By Mark Jones
Community News Managing Editor
In front of another packed chamber, the Signal Mountain Town Council rolled through its regular agenda, annexing three areas of land totaling approximately 700 acres, in between two lengthy sessions of public comment focused on issues related to zoning, growth and annexation.
Council members unanimously approved on final reading three separate ordinances for annexation of a total of 709 acres of mostly undeveloped property within the Signal Mountain Urban Growth Boundary. The measures each passed 4-0 with Mayor Bill Leonard absent from the meeting on vacation.
The first annexed area includes six undeveloped parcels of land north of Conner Creek; the second includes seven parcels at Shackleford Ridge Road and Anderson Pike between Fox Run and Hiddenbrook subdivisions; and the third constitutes two parcels near Prentice Cooper State Park surrounded by the existing town limits. Town Attorney Phil Noblett explained that annexing the property around Prentice Cooper will allow the town to enforce traffic laws and other regulations in the area.
During the public hearing regarding the annexation, several citizens took the opportunity to question council members and comment on the annexation plans and other zoning issues raised by the Shackleford Ridge Overlay Zone now under consideration. As many as 2,500 fliers were reportedly distributed to homes and businesses on the mountain in an effort to encourage local residents to help “preserve our Signal Mountain community” and call for a six-month moratorium on subdivisions.

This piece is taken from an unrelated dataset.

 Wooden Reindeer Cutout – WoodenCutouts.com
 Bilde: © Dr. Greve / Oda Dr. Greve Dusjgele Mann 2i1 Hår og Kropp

Local attorney David Evans expressed concern that the town’s current zoning plan is not sufficient to address potential development problems such as sewers, additional traffic with limited ingress and egress to the town, and other infrastructure issues.
“It would be best if the town of Signal Mountain defers any annexation until it comes up with a comprehensive zoning plan,” said Mr. Evans. “At this point I think it would be unfair to the town and to the citizens being annexed.”
Councilman Robert Linehart pointed out that property under county zoning control was allowed higher density development and other types of usage than Signal Mountain would allow.
“I think annexation is a good thing because it keeps growth under the town of Signal Mountain, instead of the county,” he said.
Councilwoman Lizetta Paturalski said it was in the town’s best interest to annex the property, which would impose current zoning restrictions of a half-acre minimum lot size per home versus the county’s requirement of 7,500-square-foot minimum lots.
“You always would like to, as a town, to protect its boundaries,” said Councilman Steven Ruffin. “If we annex them, it protects our boundaries.”
Signal Mountain resident HC Bright, who proclaimed he was anti-development, encouraged the crowd to see the positive side of annexation as a protective measure against unwanted development such as high-density homes or trailer parks that could exist under county regulations.
“Once annexed, we the town of Signal Mountain can control it,” explained Mr. Bright. “Even though I hate development, we ought to annex it.”
Following approval of the annexation, many residents took the opportunity to express more concerns over zoning and growth-related issues during the public comment portion of the regular meeting, citing problems associated with infrastructure, increasing population, loss of community and calling for an array of studies to be conducted about the effects of potential growth. Another call for a moratorium on development resulted in an explanation from Mr. Noblett that such a decision could only be implemented by the Signal Mountain Planning Commission. He said the Town Council only had the authority to propose such a measure.
“Development on the mountain is what we’re all concerned about,” said resident Richard Barrali. “As a community, I would think we are overwhelmingly opposed to any development.”
But Jack Huguelet, who owns 15 acres where he lives on Shackleford Ridge Road, questioned the idea of a development moratorium and the outcry against future development on the mountain. “We fundamentally need to look at how we view property rights,” he said.
Councilman Robert Linehart reminded the remaining crowd that each of their homes and all the local neighborhoods that make up Signal Mountain were the result of development at one time or another.
“Development isn’t bad. It has to be controlled,” he said. “I think we’re going to find a solution here, some kind of compromise.”